-- 创建一个内部表
create table if not exists student(
id int, name string
)
row format delimited fields terminated by '\t'
stored as textfile
location '/home/hadoop/hive/warehouse/student';
-- 查询表的类型
desc formatted student;
Show create table student;
create external table if not exists employee_external (
//if not exists 可选,如果表存在,则忽略
name string,
work_place ARRAY,
sex_age STRUCT,
skills_score MAP,
depart_title MAP>
//所有列和数据类型
)
conment 'This is an external table'
//comment可选
row format delimited
fields terminated by '|'
//字段分隔符
collection items terminated by ','
//集合和映射分隔符
map keys terminated by ':'
stored as textfiel
文件存储格式
location '/home/hadoop/hive/warehouse/employee';
Hive中默认分隔符
字段:^A(\001)
集合:^B(\002)
映射:^C(/003)
Hive中建表时可以指定分隔符
row format delimited fields terminated by '|'
SerDe:序列化和反序列化
Hive 支持不同类型的Stroage SerDe
LazySimpleSerDe: TEXTFILE
BinarySerializerDeserializer:
SEQUENCEFILE
ColumnarSerDe: ORC, RCFILE
ParquetHiveSerDe: PARQUET
AvroSerDe: AVRO
OpenCSVSerDe: for CST/TSV
JSONSerDe
RegExSerDe
HBaseSerDe
例如
create table test_serde_hb(
id string,
name string,
sex string,
age string
)
row format serde'org.apache.hadoop.hive.hbase.HBaseSerDe'
stored by'org.apache.hadoop.hive.hbase.HBaseStorageHadler'
with serdeproperties(
"hbase.columns.mapping"="key,info:name,info:sex,info:age")

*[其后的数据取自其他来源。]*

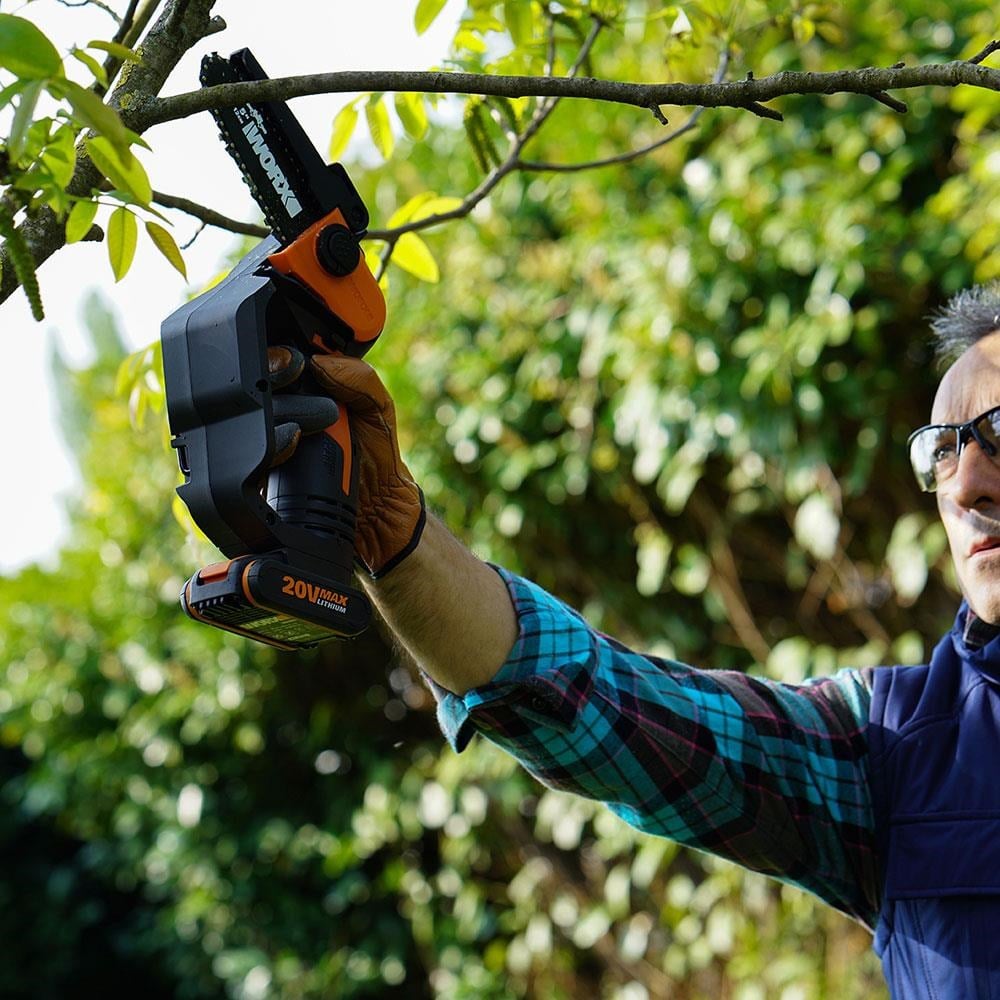 WORX WG324E 20Volt 2.0Ah Li-ion 12CM Profesyonel Şarjlı Zincirli Testere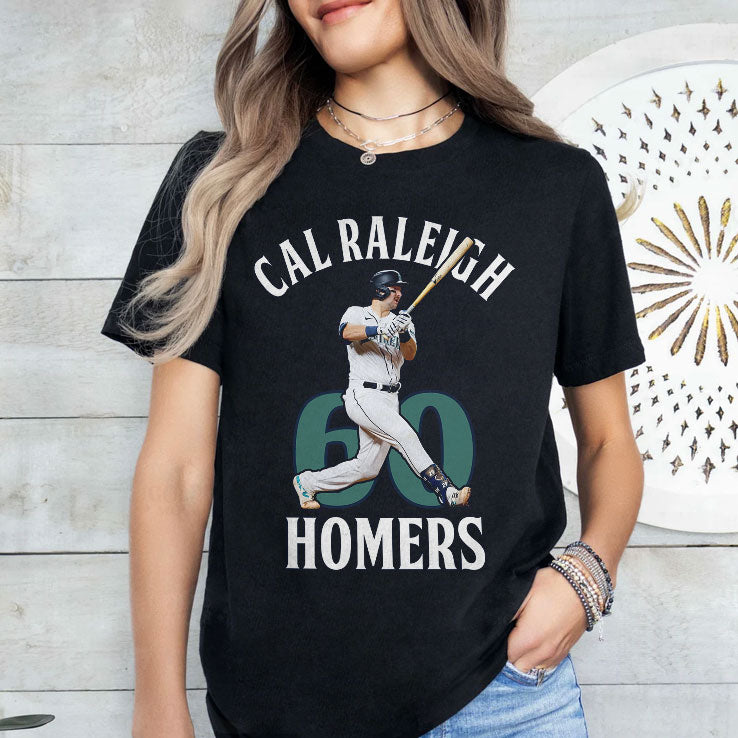 Cal Raleigh 60 Home Runs Seattle Mariners 2025 Al West Champions T Shirt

tblproperties("hbase.table.name"="test_serde");
例
create table my_table(a string,b string...)
row format
serde 'org.apache.hadoop.hvie.serde2.OpenCSVSerde'
with serdeproperties(
"separatorChar"="\t",
"quoteChar"="",
"excapeChar"="\\"
)
stored as textfiel;
临时表是应用程序自动管理再复杂查询期间生成得中间数据得方法
表只对当前session有效,session退出后自动删除
表空间位于/tmp/hive-
create temporary table tmp_table_name1(c1 string);
create temporary table tmp_table_name2 AS..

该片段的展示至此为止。